I
first began listening to John Foxx’s music just
after he ended his three-album tenure as leader of Ultravox.
I went halves on these albums (the eponymous debut,
Ha!-Ha!-Ha! and Systems Of Romance)
with my best friend and we took possession on alternate
fortnights of the vinyl album. I still know all the
lyrics off by heart, but lost track of Foxx’s
solo career after 1985’s In Mysterious Ways.
Cathedral Oceans is the first time I’ve
heard this latest stage of Foxx’s career, apart
from witnessing a guest appearance at his friend, Harold
Budd’s farewell concert in Brighton last year.

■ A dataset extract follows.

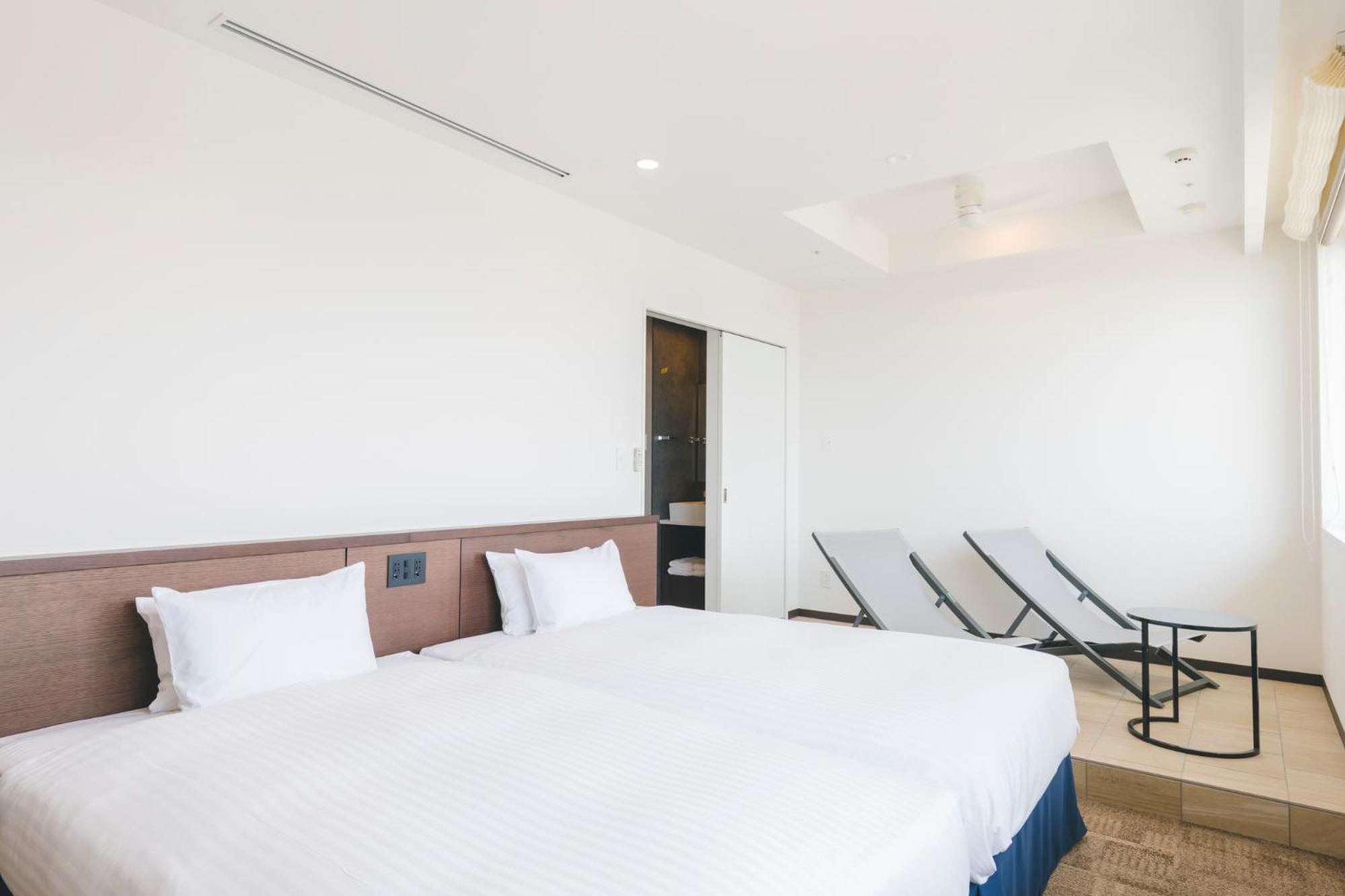 Hollywood Twin Room Sauna & Mountain view Annex Building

Cathedral Oceans III can trace its lineage
back to a track on Foxx’s second solo album, The
Garden: Pater Noster was a setting of
a Latin mass to a disco beat and was far more successful
than such a description might suggest. With titles such
as City Of Endless Stairways, Serene Velocity
and Through Gardens Overgrown, it would be
hard to envisage music that was anything other than
ethereal and haunting. In its stilled atmospheres and
sense of vast, reverberating spaces, Cathedral Oceans
III also suggests echoes of Just For A Moment,
the concluding track on Ultravox’s final, Foxx-helmed
album, Systems Of Romance. That piece centred
upon an unexpected moment of disjunction, balanced on
either side by a sense of wondering otherness.

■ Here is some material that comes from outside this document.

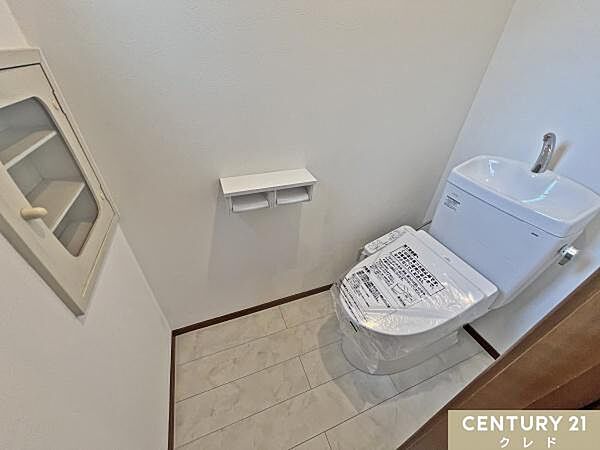 毎日肌の触れるトイレも新規交換で新品の物をお使いいただけます。スタイリッシュなデザインと機能性を両立させた温水洗浄便座です。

Beatless and spectral though it is, Cathedral Oceans
III is not ambient in the traditional sense. There’s
too great a sense of the melodic, as though each song
were a cloud of pollen or a distilled essence that’s
been alchemically siphoned from an original, less fluid
structure. John Foxx has in the past steered clear of
reference to any specific religious belief, preferring
instead to talk of the wonder of the artistic impulse
in the experience of church architecture, but the depth
of the references here makes me wonder whether he has
discovered some form of faith now. Whether or not that’s
the case, Foxx shares with Harold Budd (and Brian Eno)
an unabashed love of the musically beautiful. Here is
the wistful breath, the early morning mist, the transfiguring
sunset. For this listener, it feels like a homecoming.